## WHAT YOU WILL DO
Could you copy the data that follows exactly as written, but drop the pictures?

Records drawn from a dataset
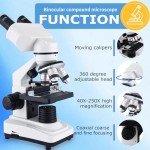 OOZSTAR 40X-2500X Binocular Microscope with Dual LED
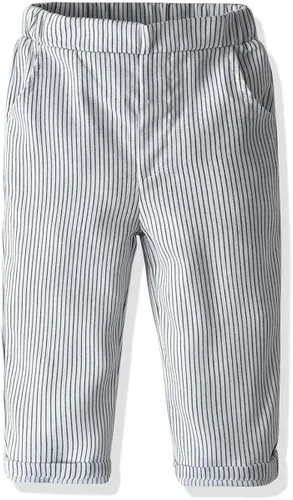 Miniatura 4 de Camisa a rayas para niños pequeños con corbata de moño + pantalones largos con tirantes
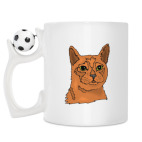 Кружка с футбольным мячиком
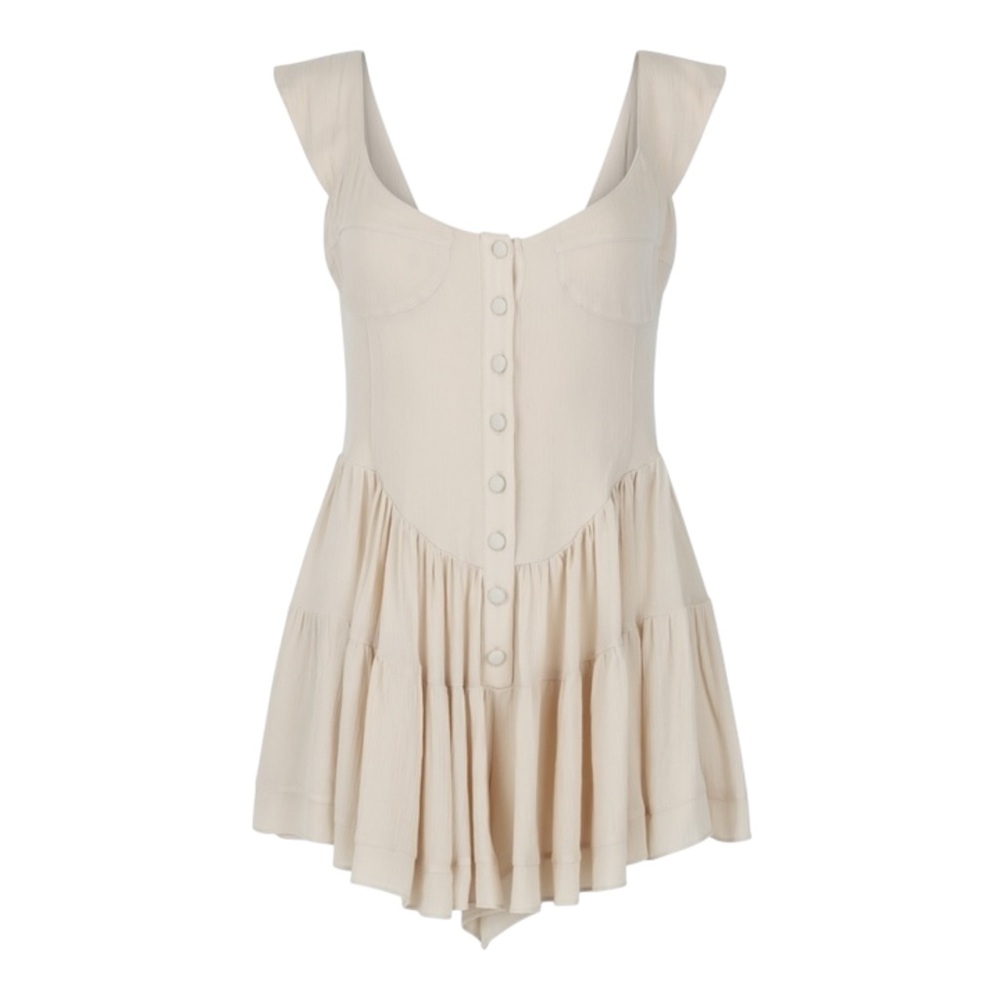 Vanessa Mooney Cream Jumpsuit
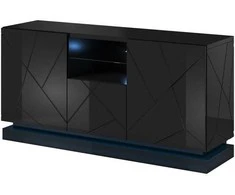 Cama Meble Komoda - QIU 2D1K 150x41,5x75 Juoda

## RESULT OF THE TASK
 OOZSTAR 40X-2500X Binocular Microscope with Dual LED
 Miniatura 4 de Camisa a rayas para niños pequeños con corbata de moño + pantalones largos con tirantes
 Кружка с футбольным мячиком
 Vanessa Mooney Cream Jumpsuit
 Cama Meble Komoda - QIU 2D1K 150x41,5x75 Juoda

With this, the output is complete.